*Task requirements:*
Quote exactly, and only, the lines of the material below from the line with "Vintage Jade Diamonds" through the line with "513 Willis Ave, Madera, CA 93637".

*Data under study:*
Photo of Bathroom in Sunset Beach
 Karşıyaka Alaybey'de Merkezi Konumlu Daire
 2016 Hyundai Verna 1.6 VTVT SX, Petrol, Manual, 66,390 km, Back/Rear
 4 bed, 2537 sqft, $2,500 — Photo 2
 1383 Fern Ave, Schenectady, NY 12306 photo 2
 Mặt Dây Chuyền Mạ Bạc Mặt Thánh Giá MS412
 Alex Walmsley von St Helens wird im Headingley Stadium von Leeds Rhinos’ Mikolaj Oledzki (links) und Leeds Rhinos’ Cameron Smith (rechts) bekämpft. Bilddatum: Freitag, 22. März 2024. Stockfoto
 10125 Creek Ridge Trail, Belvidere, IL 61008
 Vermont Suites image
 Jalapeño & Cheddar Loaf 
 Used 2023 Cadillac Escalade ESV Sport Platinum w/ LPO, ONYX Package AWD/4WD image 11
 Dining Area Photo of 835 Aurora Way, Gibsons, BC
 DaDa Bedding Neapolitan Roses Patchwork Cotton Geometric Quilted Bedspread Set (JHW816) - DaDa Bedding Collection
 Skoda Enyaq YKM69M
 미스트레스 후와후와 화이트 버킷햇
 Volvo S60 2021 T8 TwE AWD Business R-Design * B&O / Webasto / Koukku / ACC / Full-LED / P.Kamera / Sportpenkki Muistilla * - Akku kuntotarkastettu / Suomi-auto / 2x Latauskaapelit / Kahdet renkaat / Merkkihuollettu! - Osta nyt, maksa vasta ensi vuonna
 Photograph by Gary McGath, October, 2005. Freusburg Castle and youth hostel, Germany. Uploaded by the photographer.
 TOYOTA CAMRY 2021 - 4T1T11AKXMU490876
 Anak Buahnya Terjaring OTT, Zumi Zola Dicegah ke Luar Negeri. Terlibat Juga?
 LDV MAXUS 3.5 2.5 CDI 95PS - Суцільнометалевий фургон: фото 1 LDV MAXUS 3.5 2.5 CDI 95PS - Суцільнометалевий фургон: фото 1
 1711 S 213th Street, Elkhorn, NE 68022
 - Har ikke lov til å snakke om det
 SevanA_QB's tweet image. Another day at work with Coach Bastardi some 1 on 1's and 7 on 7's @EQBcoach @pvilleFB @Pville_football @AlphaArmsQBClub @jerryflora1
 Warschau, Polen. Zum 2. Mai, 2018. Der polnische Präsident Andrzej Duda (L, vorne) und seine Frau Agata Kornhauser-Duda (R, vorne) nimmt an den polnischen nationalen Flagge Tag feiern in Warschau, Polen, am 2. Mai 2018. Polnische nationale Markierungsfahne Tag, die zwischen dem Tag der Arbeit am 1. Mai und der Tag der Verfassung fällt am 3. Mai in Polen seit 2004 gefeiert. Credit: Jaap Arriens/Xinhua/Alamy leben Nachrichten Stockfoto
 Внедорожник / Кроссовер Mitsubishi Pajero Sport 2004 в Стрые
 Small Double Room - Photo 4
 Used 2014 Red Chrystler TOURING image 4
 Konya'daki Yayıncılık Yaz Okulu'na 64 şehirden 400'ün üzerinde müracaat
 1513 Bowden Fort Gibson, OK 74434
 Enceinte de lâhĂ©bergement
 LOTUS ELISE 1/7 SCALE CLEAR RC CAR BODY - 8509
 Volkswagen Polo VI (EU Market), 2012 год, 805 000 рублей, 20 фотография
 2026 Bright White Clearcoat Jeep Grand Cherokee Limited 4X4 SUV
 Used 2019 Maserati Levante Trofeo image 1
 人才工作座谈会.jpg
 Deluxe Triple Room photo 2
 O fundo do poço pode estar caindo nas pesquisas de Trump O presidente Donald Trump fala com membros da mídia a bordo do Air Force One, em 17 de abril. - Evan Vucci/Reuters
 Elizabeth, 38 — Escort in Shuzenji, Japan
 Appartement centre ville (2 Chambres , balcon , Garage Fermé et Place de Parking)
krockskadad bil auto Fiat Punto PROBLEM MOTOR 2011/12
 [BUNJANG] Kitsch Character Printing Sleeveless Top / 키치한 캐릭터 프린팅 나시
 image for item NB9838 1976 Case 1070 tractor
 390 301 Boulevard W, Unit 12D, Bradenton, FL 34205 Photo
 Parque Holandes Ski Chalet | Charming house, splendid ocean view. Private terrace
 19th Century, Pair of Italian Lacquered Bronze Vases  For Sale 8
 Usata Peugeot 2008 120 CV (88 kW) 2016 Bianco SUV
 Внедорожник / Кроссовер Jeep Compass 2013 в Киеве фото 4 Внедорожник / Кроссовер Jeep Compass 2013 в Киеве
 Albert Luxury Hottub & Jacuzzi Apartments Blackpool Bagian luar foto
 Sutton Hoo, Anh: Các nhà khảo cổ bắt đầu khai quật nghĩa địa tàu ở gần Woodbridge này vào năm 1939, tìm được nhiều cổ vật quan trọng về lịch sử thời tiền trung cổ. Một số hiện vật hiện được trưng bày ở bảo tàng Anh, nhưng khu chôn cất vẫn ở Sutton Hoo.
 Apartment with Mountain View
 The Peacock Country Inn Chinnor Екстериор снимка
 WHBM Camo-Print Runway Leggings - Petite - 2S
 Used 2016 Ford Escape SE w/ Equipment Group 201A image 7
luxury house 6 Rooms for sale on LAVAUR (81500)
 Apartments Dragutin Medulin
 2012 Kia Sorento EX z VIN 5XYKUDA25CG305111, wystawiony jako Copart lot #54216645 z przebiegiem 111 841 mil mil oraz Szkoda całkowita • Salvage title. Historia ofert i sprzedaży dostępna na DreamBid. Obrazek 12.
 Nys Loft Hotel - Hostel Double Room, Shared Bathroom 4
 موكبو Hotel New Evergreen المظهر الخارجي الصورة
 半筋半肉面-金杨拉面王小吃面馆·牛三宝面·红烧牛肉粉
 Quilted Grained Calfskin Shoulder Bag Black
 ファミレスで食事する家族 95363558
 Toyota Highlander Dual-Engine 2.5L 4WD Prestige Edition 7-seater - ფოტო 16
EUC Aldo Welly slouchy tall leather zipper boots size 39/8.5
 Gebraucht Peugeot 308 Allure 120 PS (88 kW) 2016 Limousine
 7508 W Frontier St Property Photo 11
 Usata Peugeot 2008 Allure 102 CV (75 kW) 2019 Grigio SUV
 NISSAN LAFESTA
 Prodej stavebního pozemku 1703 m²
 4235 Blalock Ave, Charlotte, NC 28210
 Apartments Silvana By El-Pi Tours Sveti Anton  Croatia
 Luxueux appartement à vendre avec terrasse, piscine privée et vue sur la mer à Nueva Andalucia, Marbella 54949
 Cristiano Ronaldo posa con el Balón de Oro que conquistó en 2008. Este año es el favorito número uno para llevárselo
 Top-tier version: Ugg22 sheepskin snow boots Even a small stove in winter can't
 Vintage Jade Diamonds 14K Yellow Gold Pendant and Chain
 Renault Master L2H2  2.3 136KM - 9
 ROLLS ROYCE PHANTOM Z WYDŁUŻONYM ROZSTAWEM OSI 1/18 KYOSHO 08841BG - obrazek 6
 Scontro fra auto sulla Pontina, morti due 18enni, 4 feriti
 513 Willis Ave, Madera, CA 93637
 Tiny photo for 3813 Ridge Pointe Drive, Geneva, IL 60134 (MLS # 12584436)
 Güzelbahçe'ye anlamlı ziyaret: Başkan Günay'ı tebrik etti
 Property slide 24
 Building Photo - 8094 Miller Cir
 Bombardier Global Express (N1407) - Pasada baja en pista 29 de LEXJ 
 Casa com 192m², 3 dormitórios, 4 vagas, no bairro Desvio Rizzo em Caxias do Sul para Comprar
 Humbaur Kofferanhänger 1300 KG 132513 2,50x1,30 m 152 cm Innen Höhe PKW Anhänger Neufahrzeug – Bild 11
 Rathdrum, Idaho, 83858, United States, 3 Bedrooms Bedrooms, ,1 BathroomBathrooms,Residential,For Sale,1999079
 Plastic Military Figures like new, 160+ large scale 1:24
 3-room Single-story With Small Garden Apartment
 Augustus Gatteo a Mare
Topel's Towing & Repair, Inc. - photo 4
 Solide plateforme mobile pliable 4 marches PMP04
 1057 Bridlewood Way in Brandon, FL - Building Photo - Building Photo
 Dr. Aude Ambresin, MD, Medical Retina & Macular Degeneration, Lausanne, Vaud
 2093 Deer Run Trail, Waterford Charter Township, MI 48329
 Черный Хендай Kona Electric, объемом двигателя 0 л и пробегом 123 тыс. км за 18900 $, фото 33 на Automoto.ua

*Answer below:*
 Vintage Jade Diamonds 14K Yellow Gold Pendant and Chain
 Renault Master L2H2  2.3 136KM - 9
 ROLLS ROYCE PHANTOM Z WYDŁUŻONYM ROZSTAWEM OSI 1/18 KYOSHO 08841BG - obrazek 6
 Scontro fra auto sulla Pontina, morti due 18enni, 4 feriti
 513 Willis Ave, Madera, CA 93637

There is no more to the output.